OTHER STATES

Will make the force tech-savvy, says CP

Bijay Kumar Sharma, the new Commissioner of Police at his office in Bhubaneswar on Thursday. —

Bijay Kumar Sharma, the new Commissioner of Police at his office in Bhubaneswar on Thursday. —   | Photo Credit: Photo: Ashoke Chakrabarty

Satyasundar Barik

An action plan will be chalked out soon to mobilise resources



Police personnel will be trained in using computers

Stress on community policing



BHUBANESWAR: Senior cop Bijay Kumar Sharma, who took over as the new Commissioner of Police of twin city of Bhubaneswar-Cuttack, said his first priority would be to enhance efficiency of the existing force by making them technologically savvy.

Speaking to The Hindu here on Thursday, Mr. Sharma, who was the Inspector General of Police (Crime Branch), said the two cities Bhubaneswar and Cuttack were rapidly expanding in terms of area as well as population and the existing force was not adequate to handle the affairs.

“If I can be able to introduce technology in the force, their efficiency level will go up. The police force, although low in strength, could effectively maintain law and order across the Commissionrate area,” he said.

The Commissioner of Police said the department would soon prepare an action plan to mobilise resources for making greater use of technology by police a reality.

Documentation

According to the sources, so far only two police stations in Bhubaneswar were having the Common Integrated Police Application (CIPA) system under which one can file his complaint and get the copy of FIR instantly.

Cooperation sought

The department is also documenting case records and profiles of anti-social elements under this project.

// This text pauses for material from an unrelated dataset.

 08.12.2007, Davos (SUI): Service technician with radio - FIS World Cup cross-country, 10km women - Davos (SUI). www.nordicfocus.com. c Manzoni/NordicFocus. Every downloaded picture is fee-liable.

A set of five computers has been provided to each of the police station but most of police officials are yet to be trained in computer applications. Similarly, although cyber crime is on the rife, these police stations are yet to be connected with the Internet.

Besides, Mr. Sharma emphasised on community policing. “The twin cities have huge mass of educated and conscious population.

They are resourceful and ready to co-operate police. Community policing has been successful in many countries. If we will involve people in our efforts to fight criminals, it will be a great success story,” he said.

In the first place, the Commissioner of Police is targeting residential welfare associations operating in both the cities to realise the community policing in the twin cities.

“I have already received a number of telephone calls from retired government officials and prominent citizens who have shown eagerness to help me in my efforts,” he said.

Mr. Sharma, the 1986-batch of Indian Police Services, had served as the superintendent of police in many districts including Khurda. He had a brief stint in the Central Bureau of Investigation. Mr. Sharma had also gone for higher studies and presented papers in various international fora.

During the last few years, as IG (crime branch) Mr. Sharma was instrumental in cracking down wildlife smuggling rackets in the State and was meticulous in carrying out tricky inquiries.